TASK = Return the records that follow unaltered. Omit every picture.

►

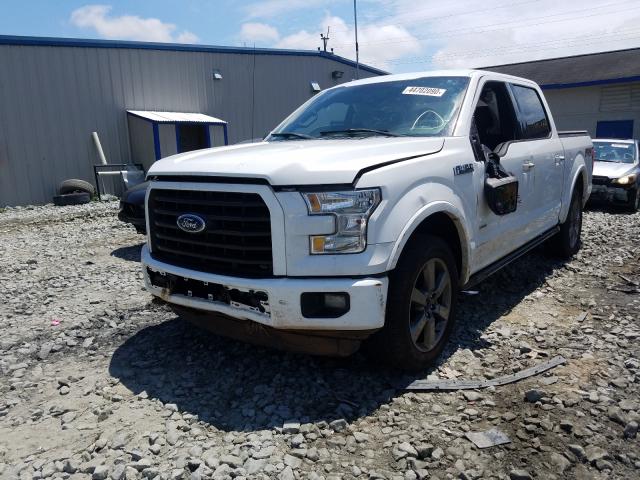 Photo 1 VIN: 1FTEW1EG0FFB56111 - FORD F150 SUPER 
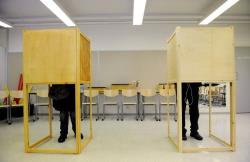 Латвия: Большинство в 12-м парламенте страны получила партия `Согласие`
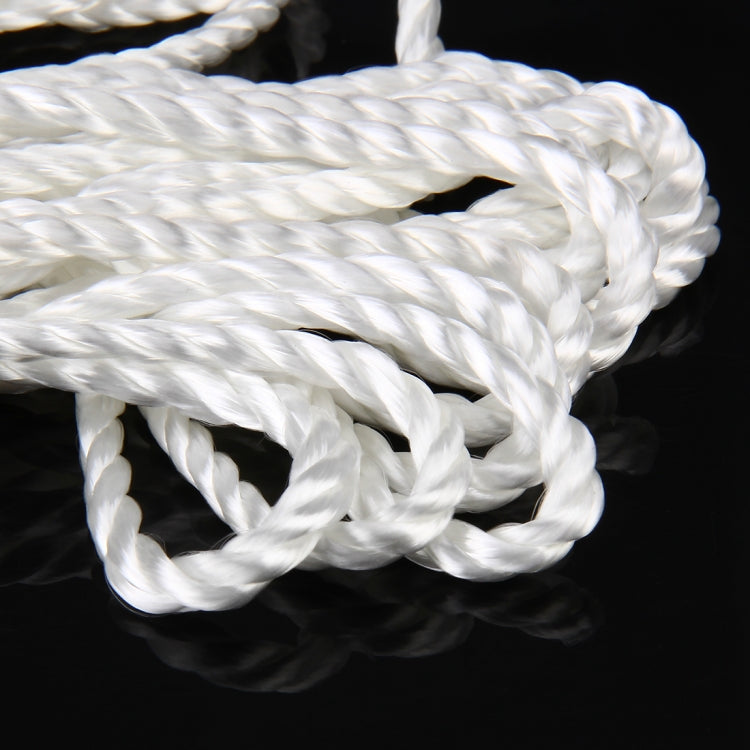 10m Multi-purpose Utility Household Use Camping Gardening Rope Nylon Braided Cord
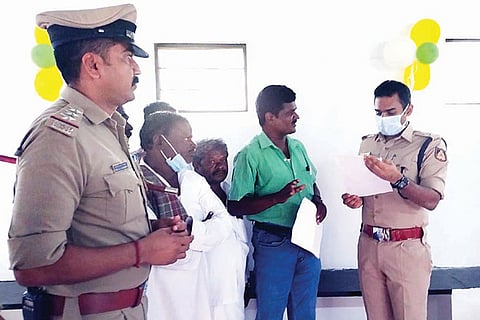 231221 A coalition of Dalit Minority Exploited Communities Sindhanuru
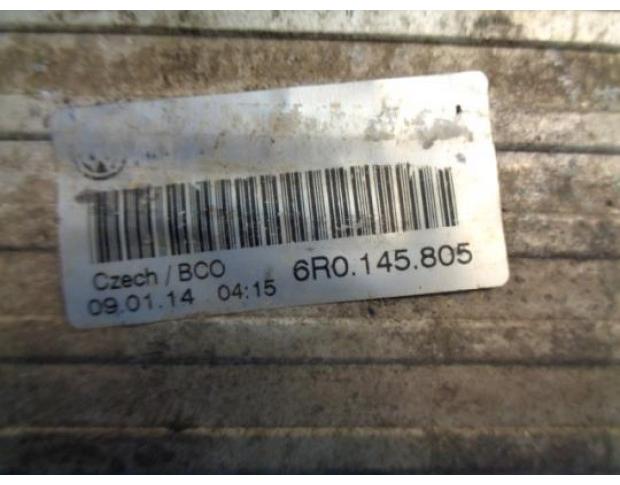 radiator intercoler skoda fabia 2 1.2tdi 6r0145805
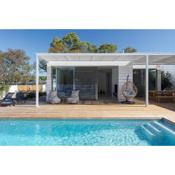Villa Laranjeiras with heatable pool, Comporta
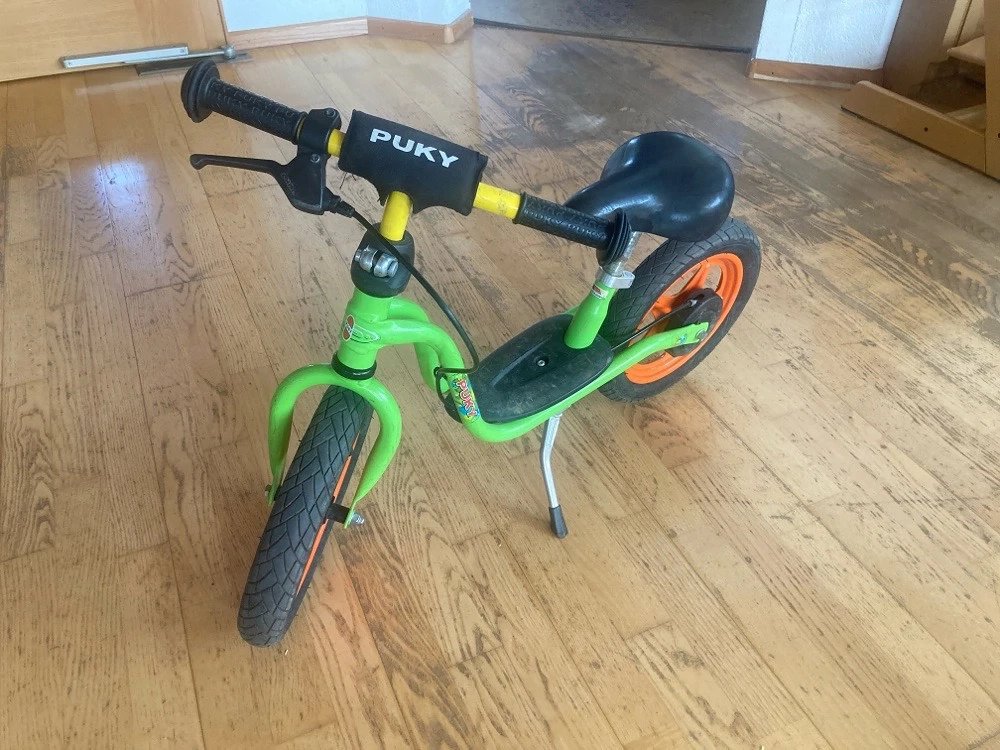 Laufrad Puky 12 Zoll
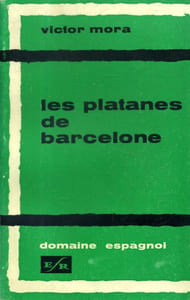 Les platanes de Barcelone.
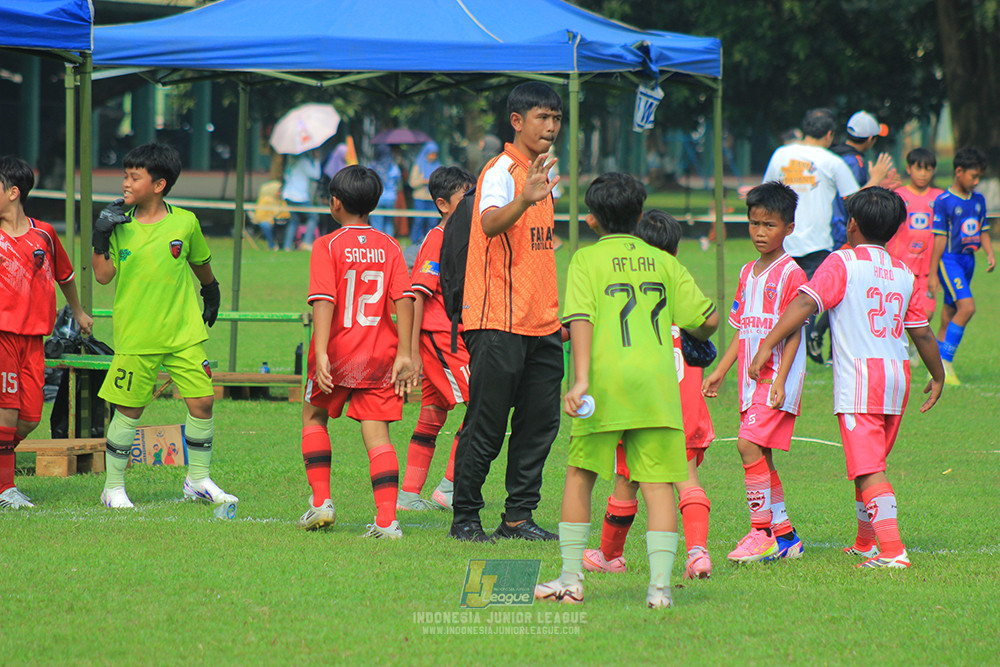 ijl u11 100526 farama fc vs serpong city soccer school
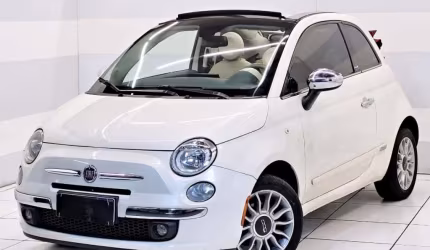 Fiat 500 2014 1.4 cabrio 16v flex 2p automático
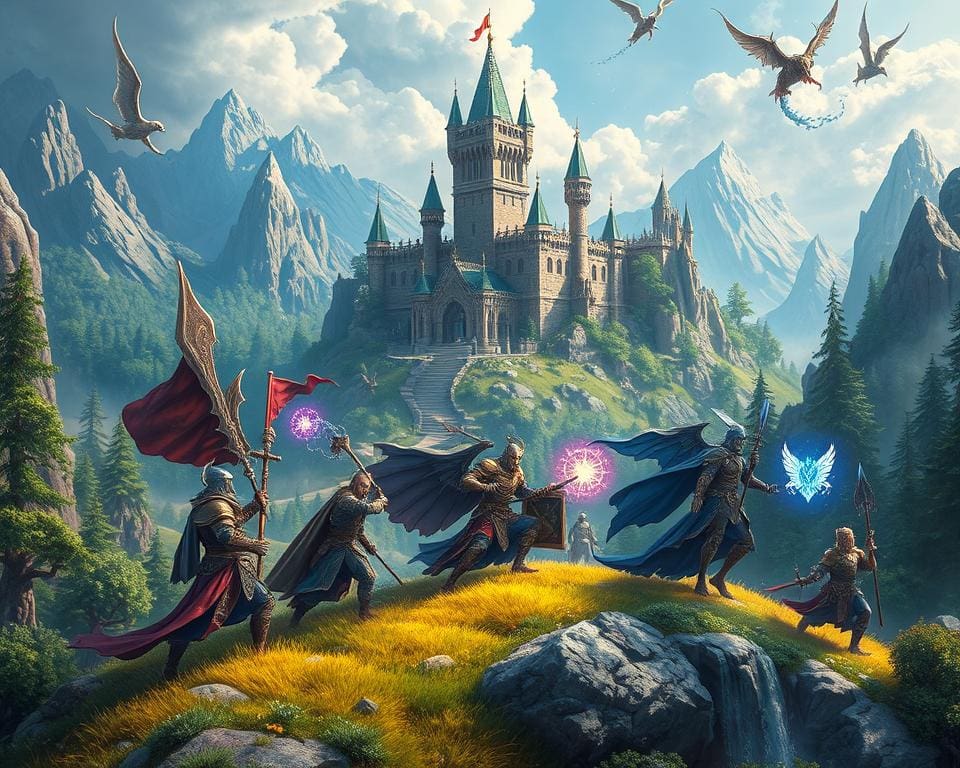 SpellForce 3: Fantasystrategie gecombineerd met RPG-elementen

◄

ANSWER TO THIS PROBLEM =
 Photo 1 VIN: 1FTEW1EG0FFB56111 - FORD F150 SUPER 
 Латвия: Большинство в 12-м парламенте страны получила партия `Согласие`
 10m Multi-purpose Utility Household Use Camping Gardening Rope Nylon Braided Cord
 231221 A coalition of Dalit Minority Exploited Communities Sindhanuru
 radiator intercoler skoda fabia 2 1.2tdi 6r0145805
Villa Laranjeiras with heatable pool, Comporta
 Laufrad Puky 12 Zoll
 Les platanes de Barcelone.
 ijl u11 100526 farama fc vs serpong city soccer school
 Fiat 500 2014 1.4 cabrio 16v flex 2p automático
 SpellForce 3: Fantasystrategie gecombineerd met RPG-elementen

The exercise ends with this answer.